What is
HBase?
Hbase is an open source and sorted map data built on Hadoop. It’s
column oriented and horizontally
scalable . It is based on Google's massive Table. It’s set of tables that keep
data in key value format. Hbase is compatible for distributed data sets that
are quite common in big data use cases. Hbase provides Apis enabling
development in practically any programing language.
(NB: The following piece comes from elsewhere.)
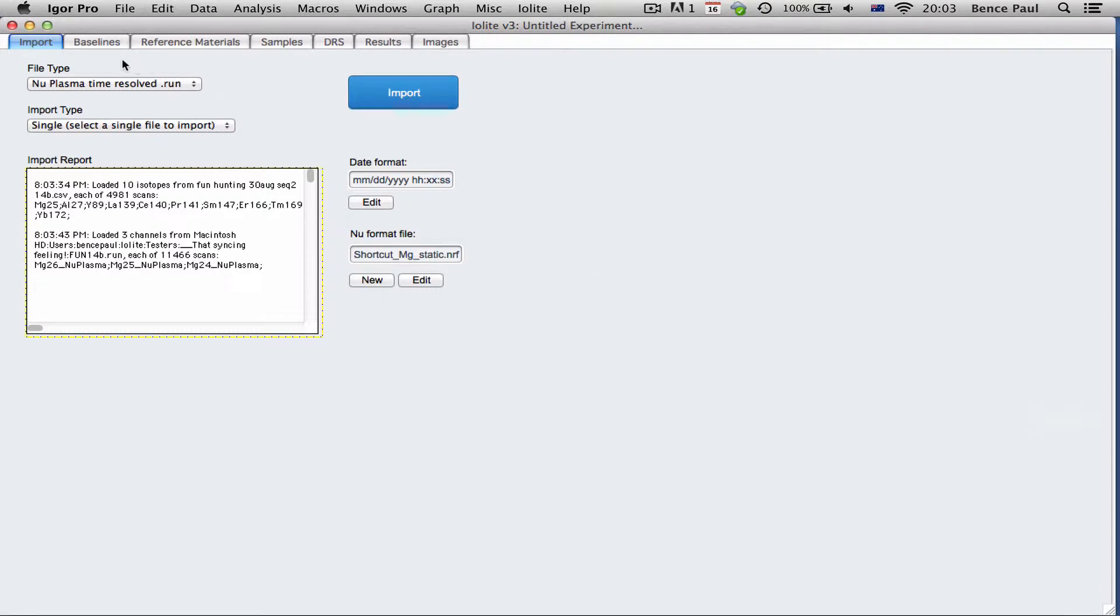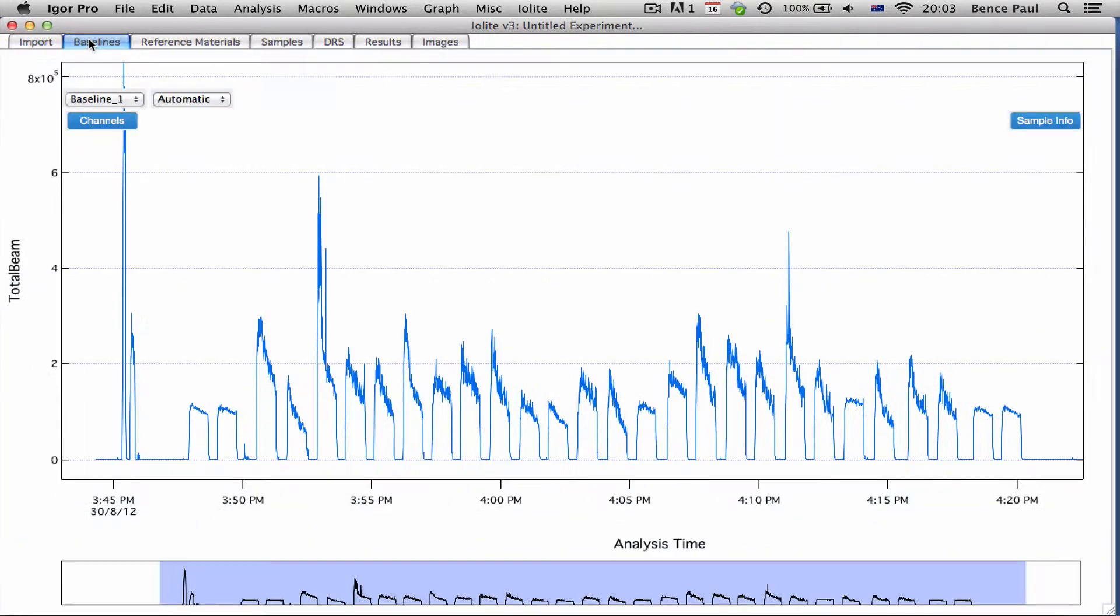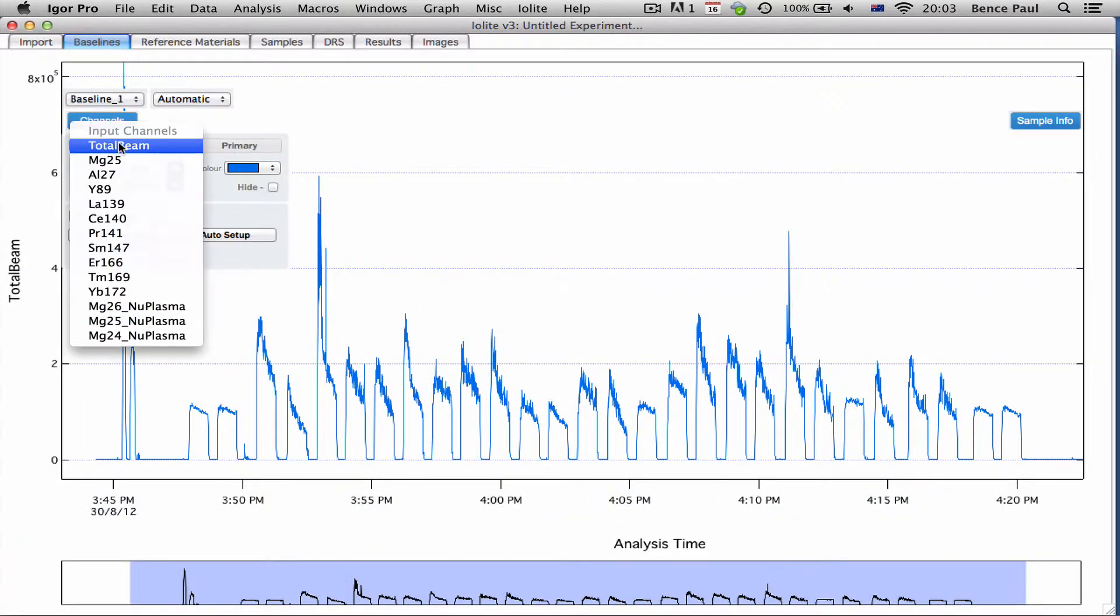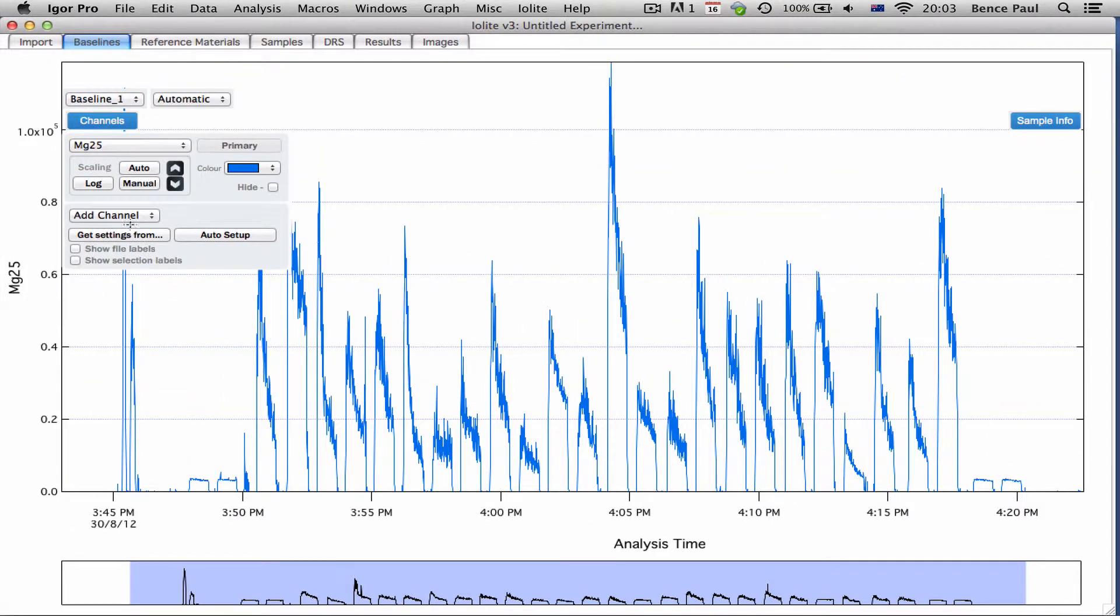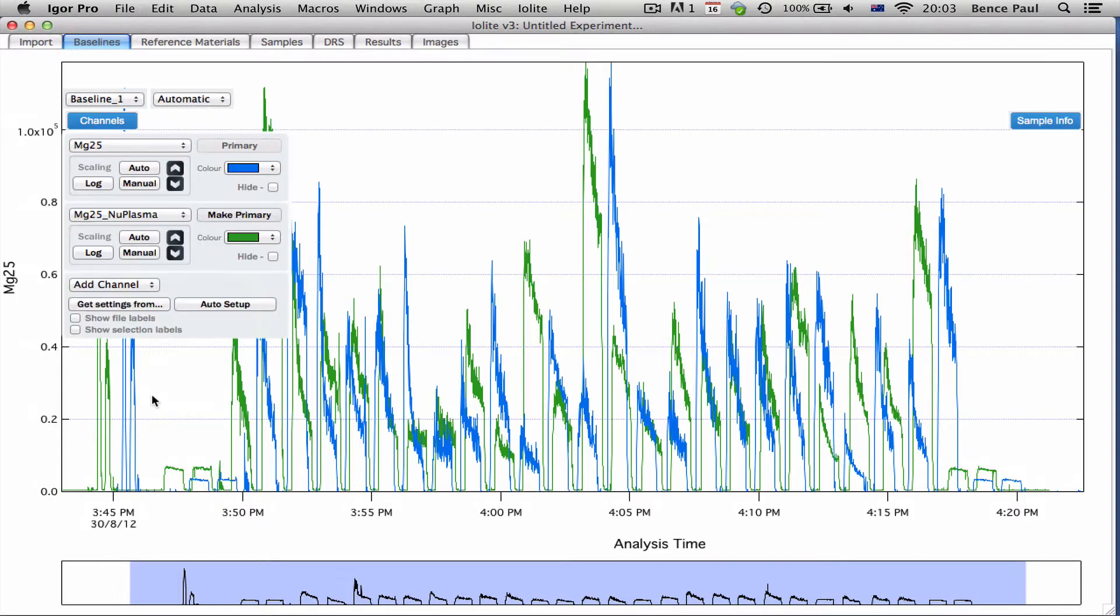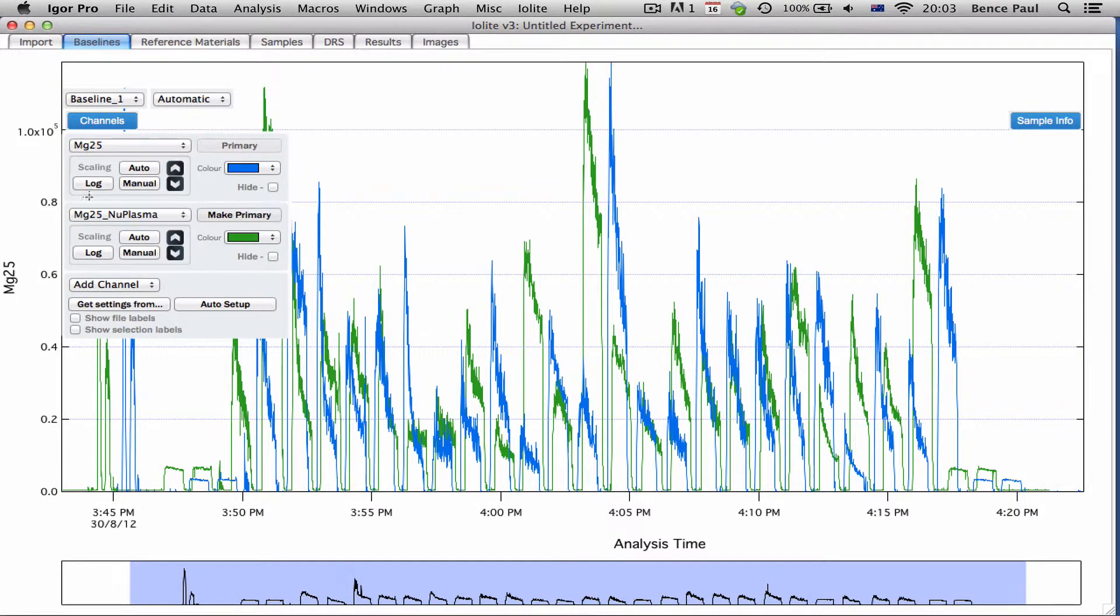You can see both of those are loaded, and if we look at channels that are common to both data sets, magnesium in this case, if we look at magnesium 25 from the Agilent and from the new plasma machine.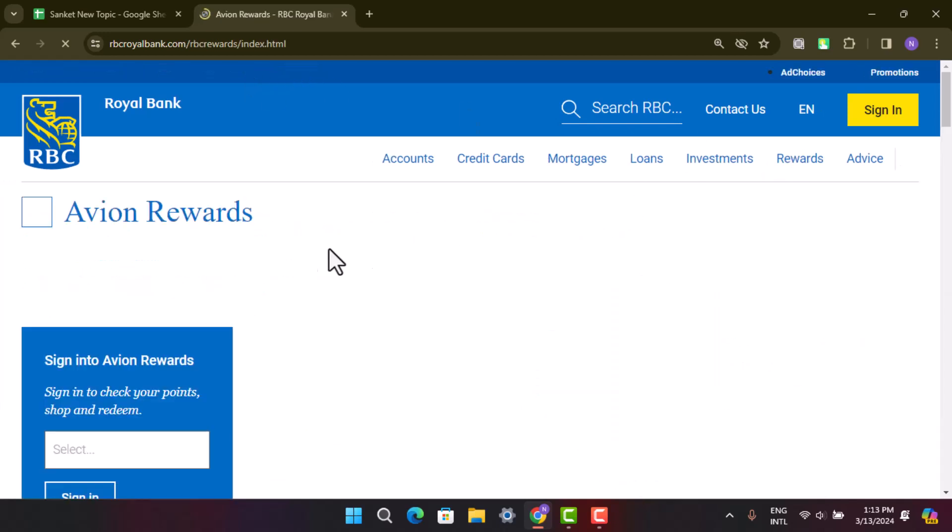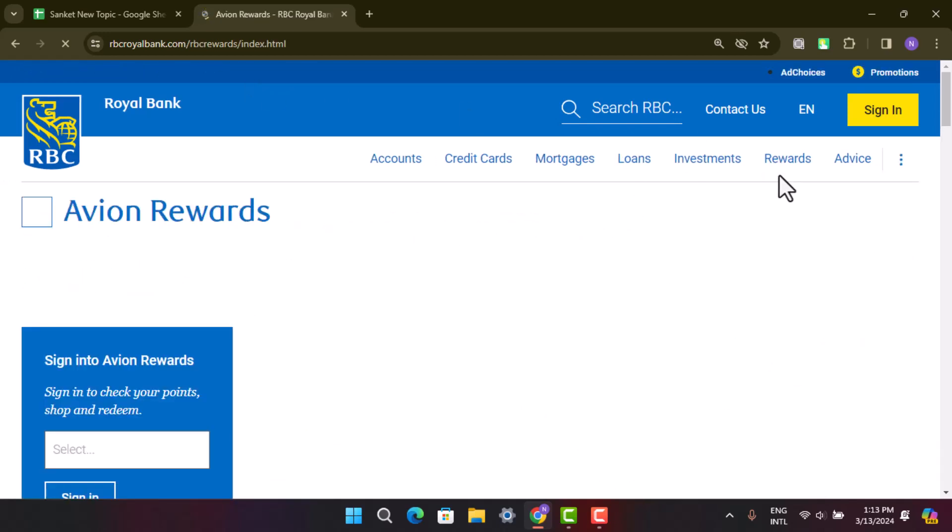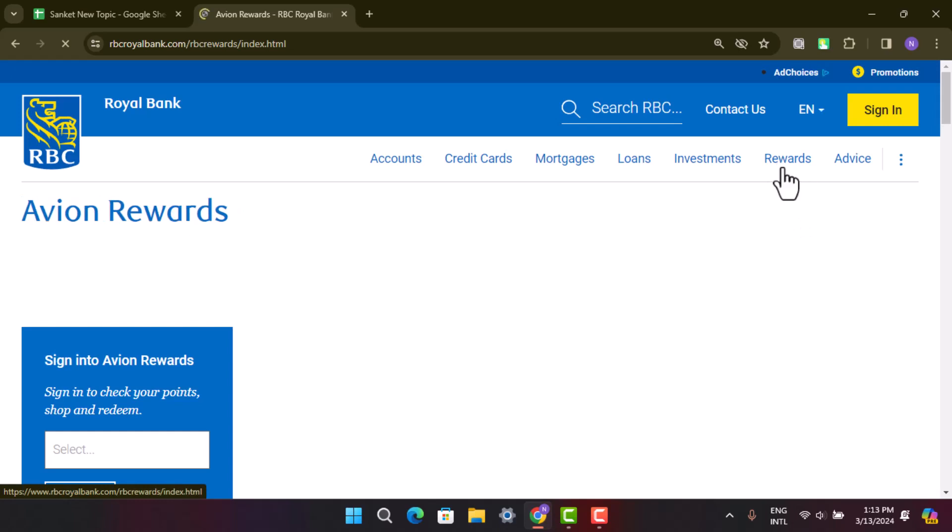As you click on the drop down menu, you'll be able to find travel plans. Go ahead and click on it, then sign into your online banking account. That's how you can use your Avion points for travel.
It’s a section of the
Hadoop system that gives random real-time read/write access to data within the
Hadoop file system.
Why Hbase?
·
RDBMS get exponentially slow because the data becomes
massive
·
Expects data to be extremely structured, i.e. ability
to fit in a very well-defined schema
·
Any modification in schema may need a downtime
·
For sparse datasets, too much of overhead of
maintaining NULL values
Features of
Hbase
·
Horizontally scalable: you'll add any number of
columns anytime.
·
Automatic Failover: Automatic failover could be a resource
that permits a system administrator to automatically switch data handling to a
standby system within the event of system compromise
·
Integrations with Map/Reduce framework: Al the
commands and java codes internally implements Map/ reduce to do the task and
it's built over Hadoop Distributed file system.
·
Sparse, distributed, persistent, multidimensional
sorted map that is indexed by rowkey, column key, and timestamp.
·
Often referred as a key worth store or column
family-oriented database, or storing versioned maps of maps.
·
Fundamentally, it is a platform for storing and
retrieving data with random access.
·
It does not care about data types (storing an integer
in one row and a string in another for a similar column).
·
It does not enforce relationships among your
information.
·
It is meant to run on a cluster of computers, built
using commodity hardware.
HBase Read
A read against HBase should be reconciled between the HFiles,
MemStore & BLOCKCACHE. The BlockCache is designed to stay frequently accessed
data from the HFiles in memory so as to avoid disk reads. Every column family
has its own BlockCache. BlockCache contains data in kind of 'block', as unit of
data that HBase reads from disk in a very single pass. The HFile is physically
set out as a sequence of blocks and an index over those blocks. This means
reading a block from HBase needs only trying up that block's location in the
index and retrieving it from disk.
Block: it's the smallest indexed unit of data and is that the
smallest unit of data that may be scan from disk. Default size 64KB.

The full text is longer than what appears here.